Di Rosanna Marotta Pasquinelli
Dopo il notevole interesse suscitato al Meeting di Rimini dell’agosto 2023, viene riproposta in varie località del nord Italia la mostra itinerante “Azer, l’impronta di Dio. Un monastero nel cuore della Siria”. Partita da Milano presso il Monastero San Benedetto di via Bellotti (fino al 28 gennaio 2024), prosegue a Udine, Cesena, Besana Brianza, Varese, Luino e Brescia.
L’esposizione è multimediale e racconta l’esperienza di un gruppetto di suore trappiste che nel 2005 partono da Valserena (Pisa) per fondare un nuovo monastero in Siria sulla collina di Azer, vicino al confine con il Libano.
La storia del monastero
In realtà le suore avrebbero desiderato fondare il loro nuovo monastero in Algeria: per raccogliere l’eredità dei monaci – anch’essi trappisti – di Thibirine, rapiti e uccisi nel 1996, allo scopo di mantenere vivo il carisma cistercense (i trappisti sono cistercensi di stretta ossevanza) in terra araba. L’Abate generale dell’Ordine invece respinse questa loro proposta, a causa della situazione politica in Algeria e propose invece la Siria, sia in quanto culla del monachesimo sia perché esempio di convivenza pacifica tra genti e religioni diverse: tale è rimasta almeno fino all’alba del terzo millennio, quando le suore giunsero ad Azer.

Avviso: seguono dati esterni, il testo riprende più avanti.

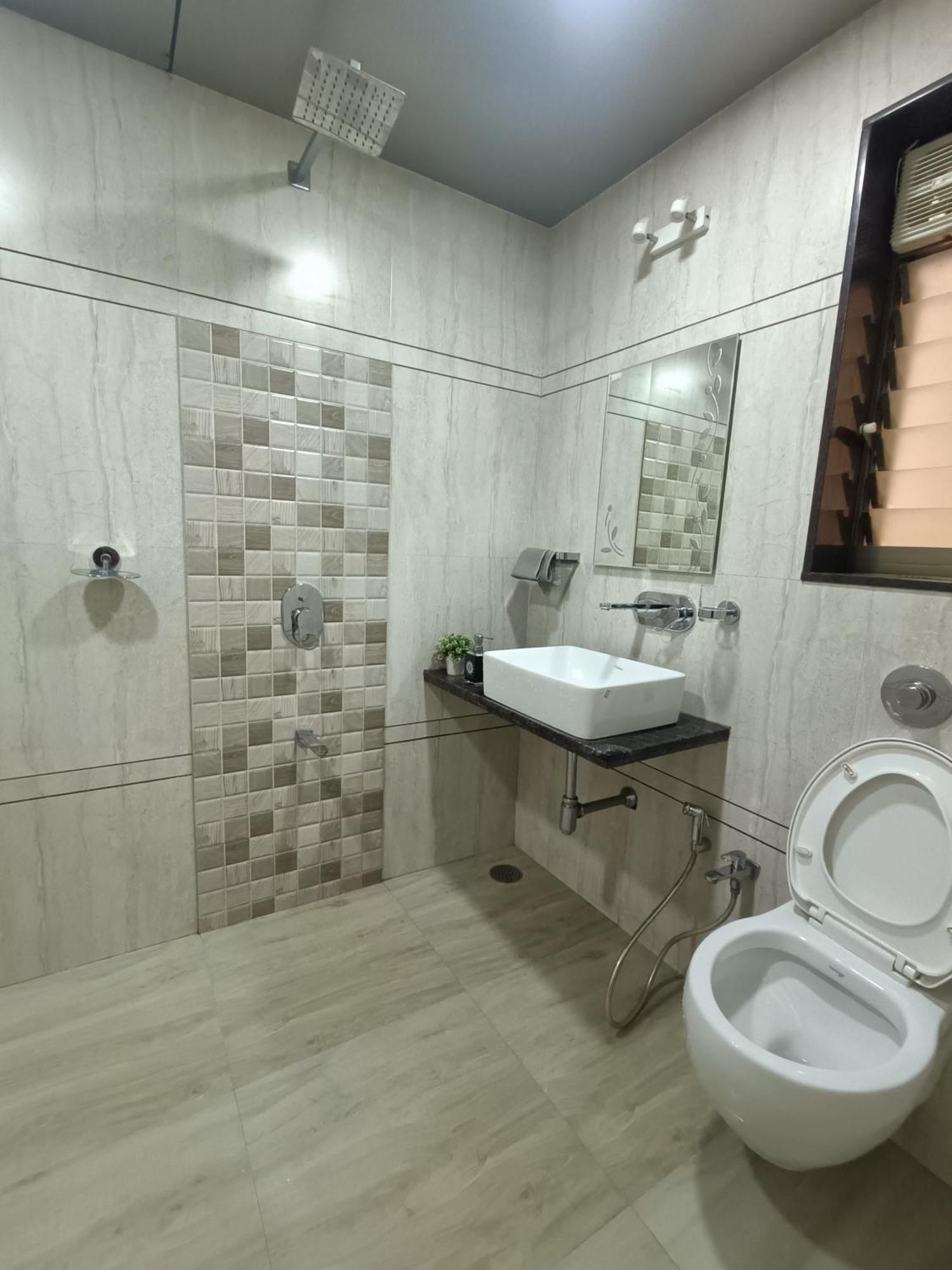 Rain Mist 4Bhk Luxury Villa With Private Pool ロナバラ エクステリア 写真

Poi nel marzo del 2011 è scoppiata la guerra, causando devastazioni enormi e morti infinite e il conseguente esodo di milioni di persone, soprattutto cristiani, ridotti ora a essere l’1 % dal 10 % che erano nei primi anni 2000. Quindi il Covid nel 2020, un’epidemia di colera nel 2022 e il devastante terremoto del febbraio 2023. Ma tutto questo non ha scoraggiato le religiose che con la loro presenza orante e laboriosa – in linea con la Regola di San Benedetto – hanno continuato a aiutare la comunità locale e, soprattutto, a essere testimoni di speranza viva.

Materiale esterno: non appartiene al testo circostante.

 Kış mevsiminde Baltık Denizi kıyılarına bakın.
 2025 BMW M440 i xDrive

Un importante strumento per sostenere la comunità è proprio l’opera costruttiva, perché le suore si avvalgono di maestranze locali e in questo modo offrono opportunità di lavoro e, a chi non lo conosce, di imparare il mestiere. Al momento il complesso monastico è costituito da un primo edificio già completato, che è chiamato “il monasterino” e comprende i locali di abitazione delle suore, la cappella e i laboratori (dove viene prodotto soprattutto il rinomato sapone di Aleppo), nonché alcune costruzioni a forma di trullo adibite a foresteria destinata sia a ospiti temporanei sia a famiglie del luogo temporaneamente prive di una loro casa. Il tutto è circondato da un bellissimo giardino fiorito, a testimonianza di come l’opera umana può trasformare anche il deserto più brullo, con l’aiuto di Dio. Quando sarà completata anche a parte in corso di realizzazione sarà chiaro come la sua architettura si ispira a quella dell’Abbazia medievale cistercense di Le Thoronet, in Provenza.

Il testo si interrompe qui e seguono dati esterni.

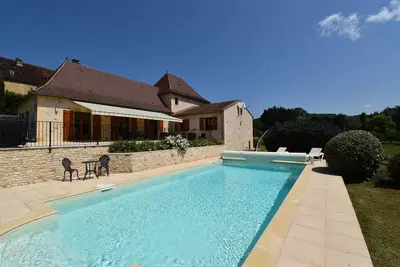 Image de Superbe périgourdine contemporaine avec piscine privée chauffée et climatisation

A chi obietta che in una terra martoriata come la Siria le risorse (materiali da costruzione, denaro, tempo…) dovrebbero invece essere impiegate per riedificare quanto è andato distrutto a seguito della guerra, le suore rispondono secondo la stessa logica che porta Maria di Betania a versare balsamo profumato sui piedi di Gesù (Lc 10, 38-42): tutto è per il Signore, come lo è la vita monastica, e ciò che ha più bisogno di essere ricostruita, prima degli edifici, è la speranza.
Ne sono consapevoli gli abitanti dei villaggi vicini, sia cristiani sia musulmani, che considerano loro amiche le suore e spesso usano il bel giardino del monastero per fare le foto dei matrimoni, ovviamente anche se di rito islamico.